Data extract =>

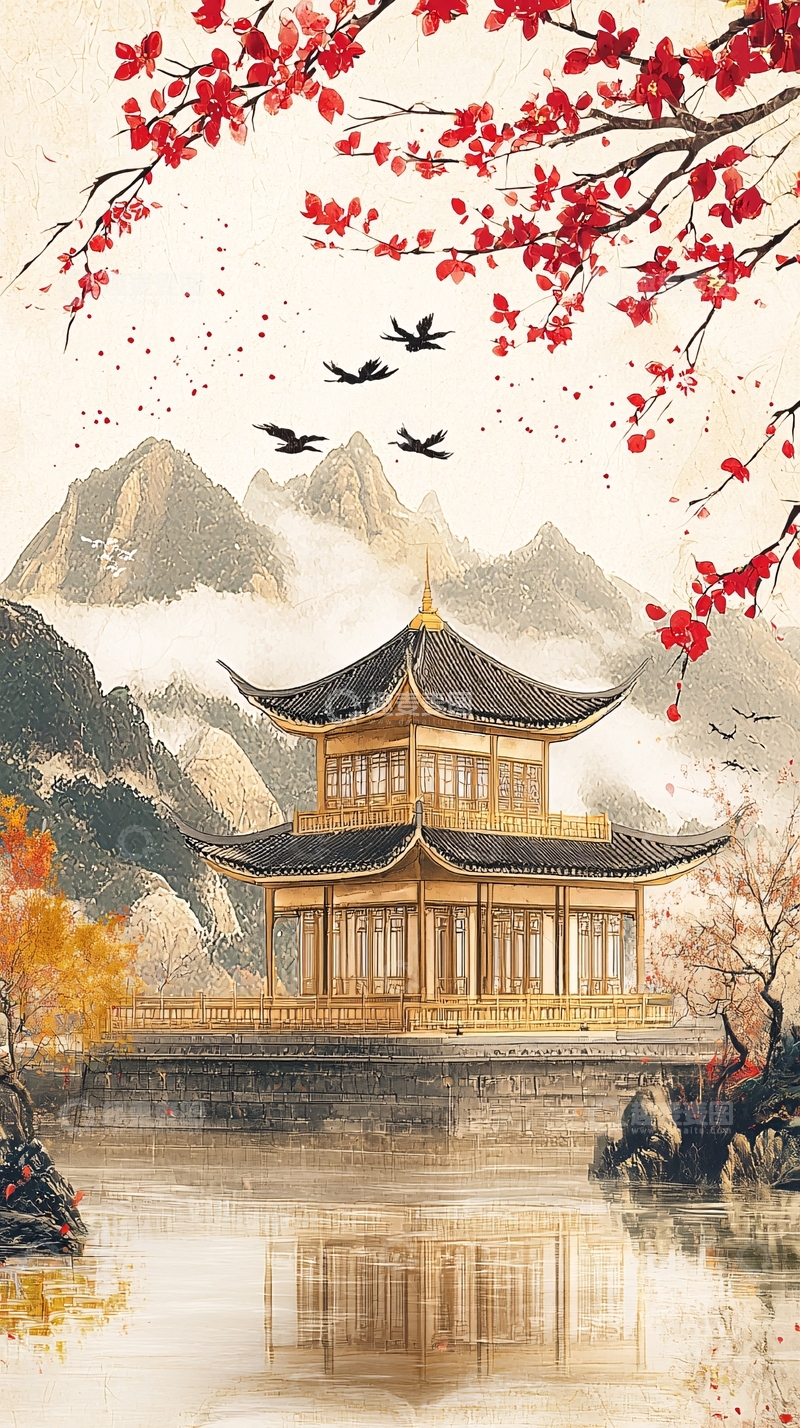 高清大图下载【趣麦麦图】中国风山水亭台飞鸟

---

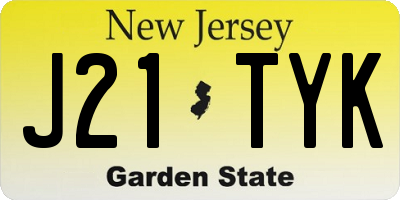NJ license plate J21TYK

* * *

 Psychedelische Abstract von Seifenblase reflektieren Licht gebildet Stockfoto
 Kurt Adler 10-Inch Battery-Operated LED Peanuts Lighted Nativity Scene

Exercise => Print exactly the lines of the listing above starting at the line containing "Psychedelische Abstract von" and ending at the line containing "Kurt Adler 10-Inch", both included.

Exercise answer =>
 Psychedelische Abstract von Seifenblase reflektieren Licht gebildet Stockfoto
 Kurt Adler 10-Inch Battery-Operated LED Peanuts Lighted Nativity Scene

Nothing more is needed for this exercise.